The Trump administration has approved a $1 billion federal loan to Constellation Energy to help restart a nuclear reactor at Three Mile Island, marking one of the most significant nuclear-energy moves in recent years.

Constellation announced plans last year to bring the reactor back online after Microsoft agreed to purchase its entire electricity output — an 835-megawatt supply — under a 20-year agreement. The company estimates the restart will cost around $1.6 billion and expects the plant to return to service in 2028.

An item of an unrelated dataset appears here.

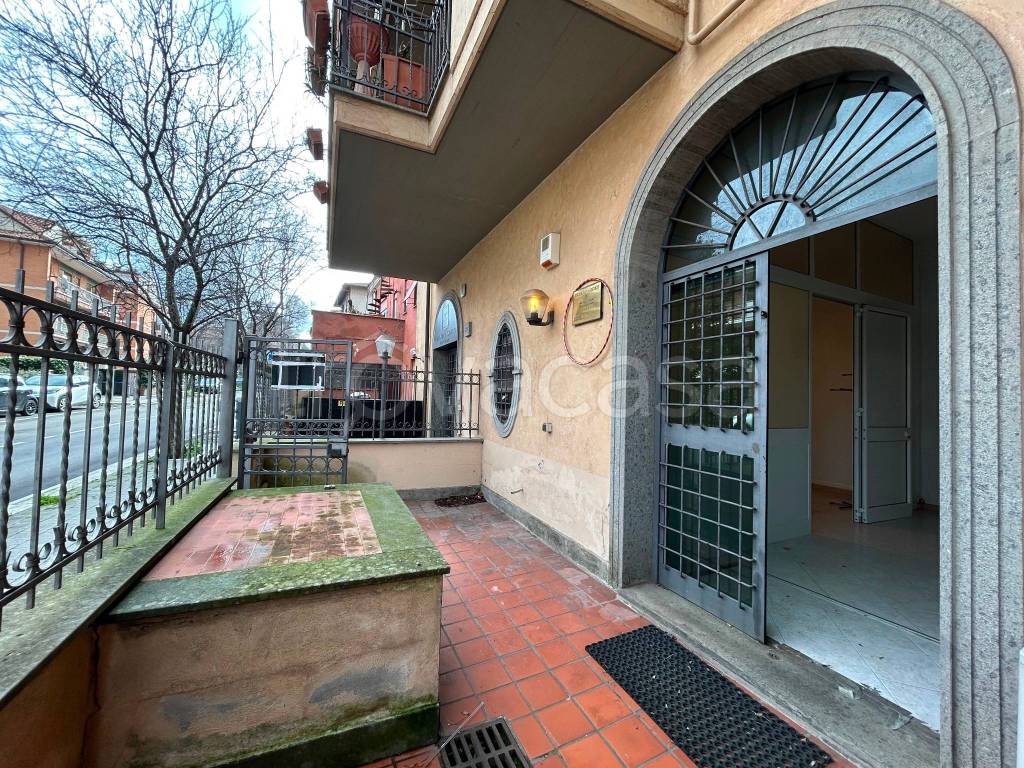 immagine annuncio 5 di 15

Details of Microsoft’s financial arrangement were not disclosed, but analysts at Jefferies estimate the tech giant may be paying roughly $110–$115 per megawatt-hour throughout the contract term. While still cheaper than building a new nuclear plant from scratch, the cost is considerably higher than utility-scale wind, solar, geothermal, and even renewable energy paired with grid-scale batteries, according to Lazard’s levelized cost of energy analysis.

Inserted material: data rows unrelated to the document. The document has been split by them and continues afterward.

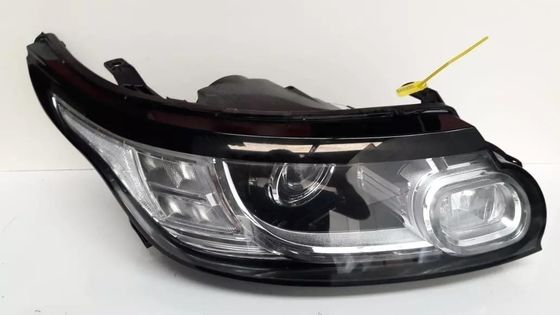 LR090485 المصباح الأمامي لـ LAND ROVER RANGE ROVER SPORT II (L494)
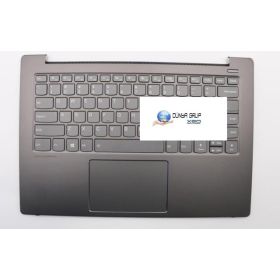 LENOVO 5CB0R12028 - 81EU Notebook Klavyesi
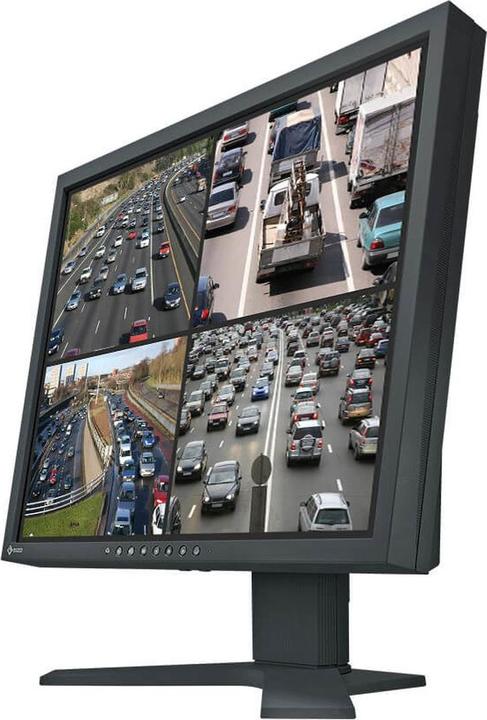 Immagine prodotto Eizo FDS1903-A DuraVision (1280 x 1024 pixel, 19")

Despite that premium, nuclear has become increasingly attractive to Big Tech as AI expansion and data-centre growth fuel unprecedented electricity demand. Earlier this year, Meta signed a separate deal with Constellation to purchase clean-energy attributes tied to a 1.1-gigawatt nuclear plant in Illinois.

The unit being revived at Three Mile Island is not the notorious Unit 2 — the site of the 1979 meltdown — but Unit 1, which first came online in 1974 and was closed in 2019 amid competition from low-cost natural gas.

The loan is being issued through the U.S. Department of Energy’s Loan Programs Office (LPO), a financing arm created under the 2005 Energy Policy Act to accelerate clean-energy deployment. Although the LPO is often remembered for backing Solyndra, its overall record is strong, with a post-recovery default rate of just 3.3%. Tesla famously used a $465 million LPO loan in 2010 and paid it off early.

Last month, the office also finalised a $1.6 billion loan to American Electric Power to support upgrades to roughly 5,000 miles of transmission lines.

Under the Inflation Reduction Act, the LPO gained new authority through the Energy Infrastructure Reinvestment (EIR) program, designed to return existing energy assets to operation while reducing or avoiding emissions. The Trump administration has kept the program intact, rebranding it as the Energy Dominance Financing Program.

In its press release, the Department of Energy attributed the EDF Program to the Working Families Tax Cut Act — though it was actually authorised under the One Big Beautiful Bill Act.